A Natural Alternative to Statin Drugs
posted by DRveejay
A Natural Alternative to Statin Drugs
Heart disease has become one of the primary health concerns in this country, and the use of cholesterol-lowering drugs has become almost commonplace. Chances are you or someone you know is taking one. This article will discuss three studies that prove a simple sugar cane extract is more potent than Statin Drugs.
In May of 2001, the National Cholesterol Education program revised its "statin" drug recommendations. As a result, under the new guidelines the number of people in the United States "qualifying" for prescription drug treatment skyrocketed from 13 million to 36 million. These recommendations also bypass attempts to lower cholesterol by means of diet and exercise and instruct physicians to prescribe first and ask questions later.
While these new guidelines are certainly good for the patent medicine industry, they may not be in the best interest of the millions of people now "required" to take statin drugs. Statin drugs are often associated with side effects such as nausea, headaches, dizziness, sleep disturbances, liver problems, muscle weakness, and pain. One statin drug, Baycol, was recalled by the manufacturer in August 2002 after it was found to be linked to over 50 deaths.

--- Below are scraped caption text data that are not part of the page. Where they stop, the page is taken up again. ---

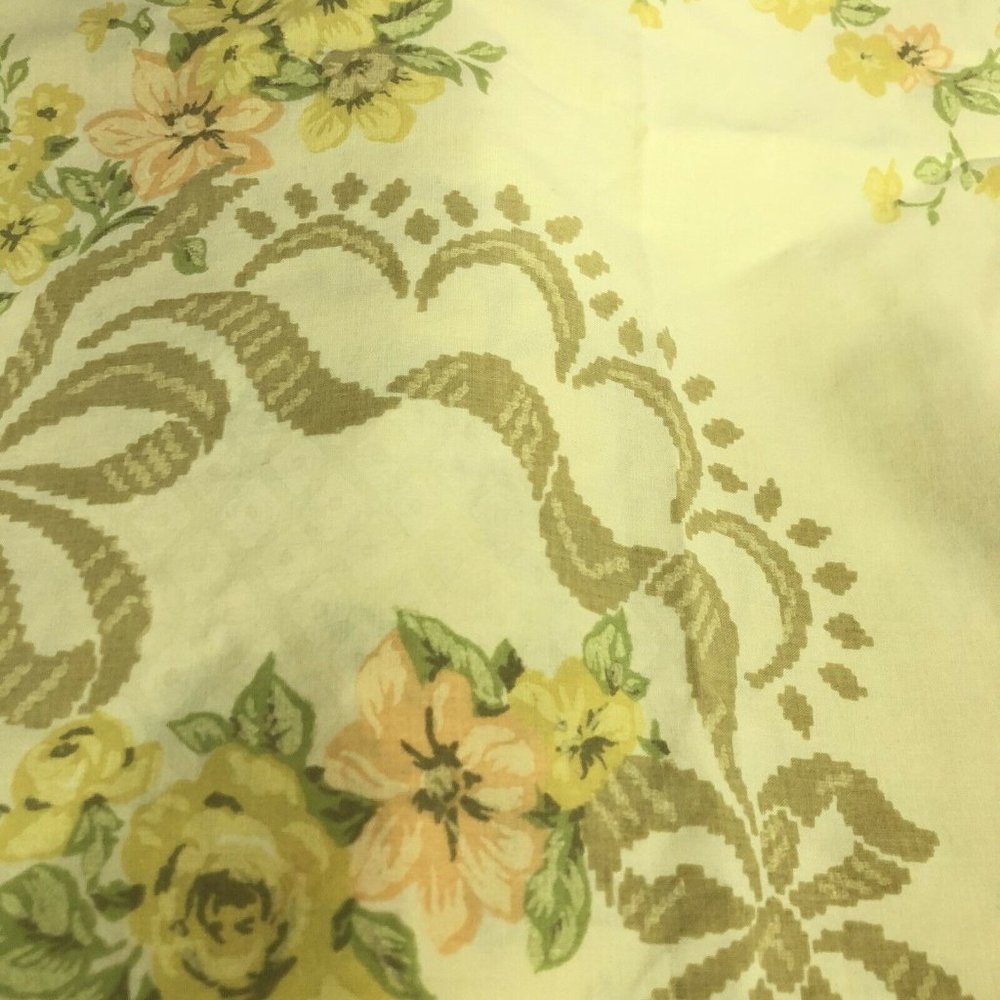 Vtg Percale Yellow Floral Twin Flat Sheet w/ Standard Pillowcase Cottagecore - Picture 4 of 6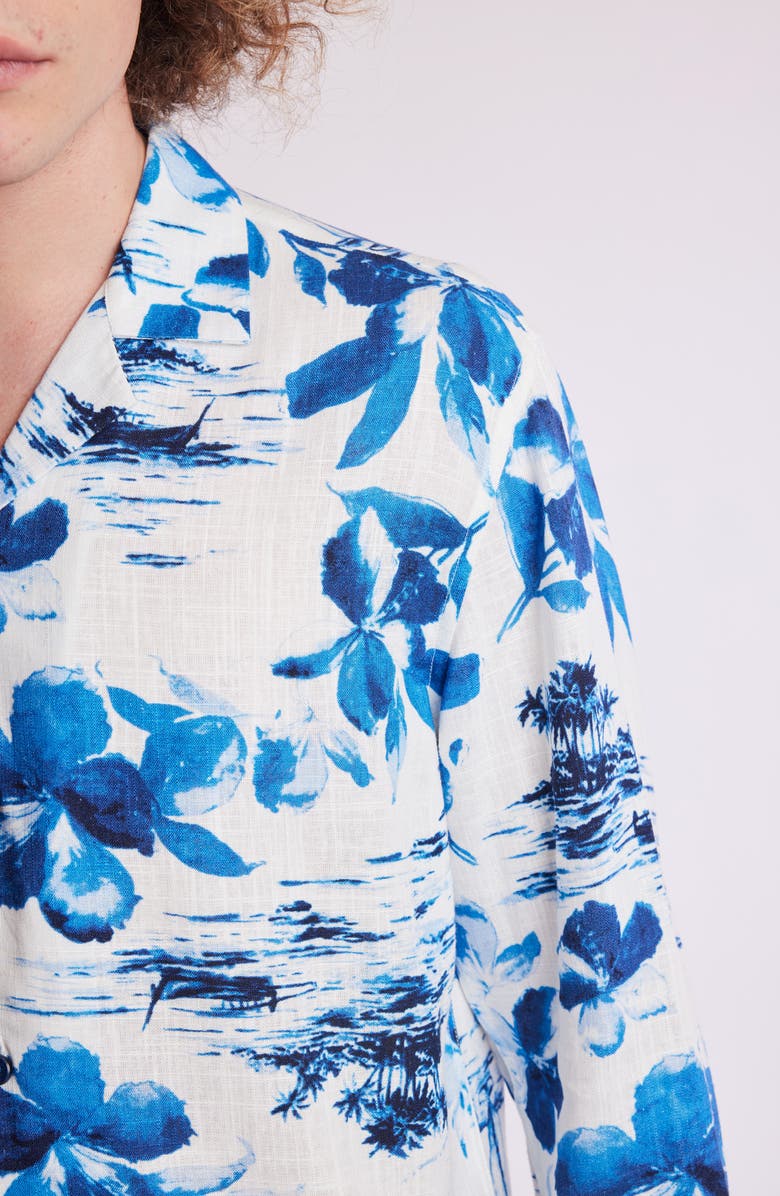 PAISLEY & GRAY Notched Collar Button-Up Shirt, Alternate, color, White Blue Vacation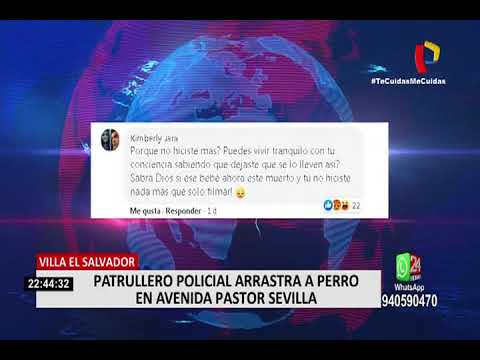 VES: Patrullero policial arrastra a perro en avenida Pastor Sevilla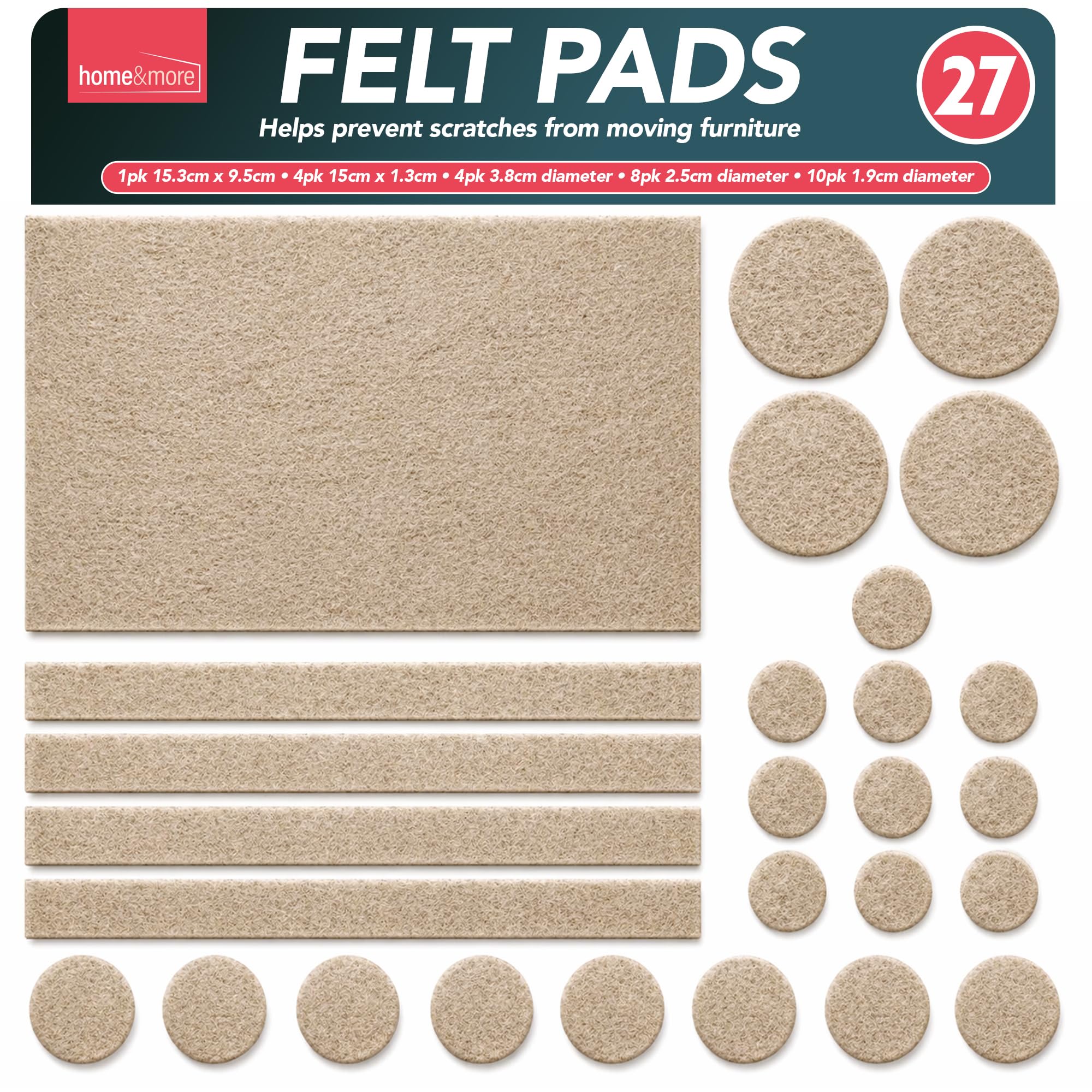 SOL 27pk Felt Furniture Pads Floor Protectors Chair Leg Floor Protectors Round Large Felt Pads for Furniture Feet Dining Chair Leg Cushions Self Adhesive Non Scratch Hardwood Laminate Tile Surfaces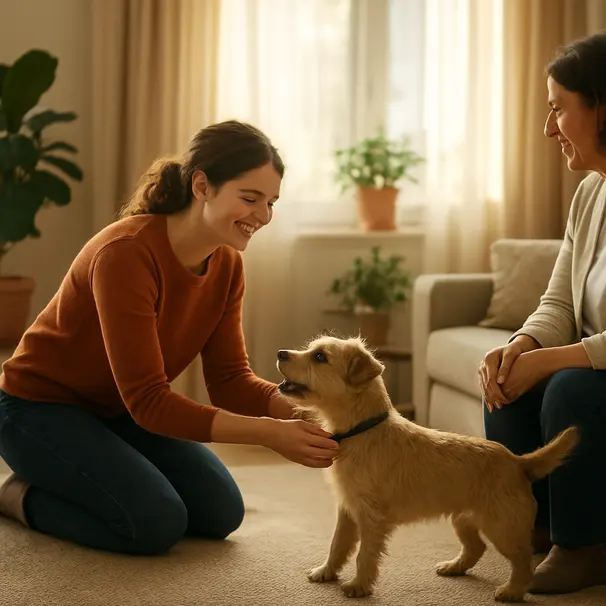 Een pet carer ontmoet de eigenaar en een kleine terriër in een zonnige huiskamer, ontspannen sfeer.
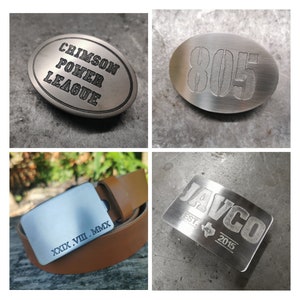 Custom belt buckle for 38mm belt, design your own, personalised buckle, handmade from stainless steel, gift for him, business logo buckle. image 6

In addition to these risks, statin drugs cost an average of over $100 a month. Since the revised guidelines mean big business for patent medicine companies, it's no wonder that news of the natural alternative to these drugs has remained unknown to the general public.
The Sweet Secret for Effectively Lowering Cholesterol Levels
Clinical trials show that one natural substance offers even better results than prescription drugs at lowering overall cholesterol and triglyceride levels while raising levels of HDL (good) cholesterol and protecting against blood clotting. This amazing substance, a fraction of sugar cane called policosanol, offers all of these benefits with virtually no side effects, at less than half the cost of prescription statin drugs. And it may actually eliminate your need for cholesterol-lowering prescription drugs.
By now you know that refined sugar is on the "no-no" list. In fact, refined sugar can actually cause a huge list of health problems, including premature tissue stiffening. There is no doubt that eliminating refined sugar is a crucial step in living a healthy lifestyle.
Not all Sweeteners are Created Equal
However, not all sugar is created equal. Certain specific natural sugars can help fight bacteria and infections. Whole sugar cane and other sugar cane fractions can also be good for you. For example, molasses, as the "whole juice" of sugar cane, is a somewhat healthful sweetener, containing useful amounts of iron, chromium, pyridoxine (vitamin B6), and other nutrients that help our bodies metabolize sugar. But the powers of sugar cane go far beyond the nutrients in molasses.
Policosanol is technically not a sugar at all. It's a group of eight to nine "long chain alcohols" (solid, waxy compounds). It actually contains no sugar and has no extra calories so it doesn't have an adverse effect on blood sugar levels. Research is accumulating to show that policosanol is more effective than the most popular patent medicines for lowering total cholesterol and triglyceride levels. As added bonuses, policosanol helps to prevent strokes by inhibiting platelet aggregation and abnormal blood clotting and may lower blood pressure. And unlike the popular patent medications, policosanol has virtually no side effects, and does not seriously interfere with our bodies ability to produce co-enzyme Q10 as the patent statin medications do.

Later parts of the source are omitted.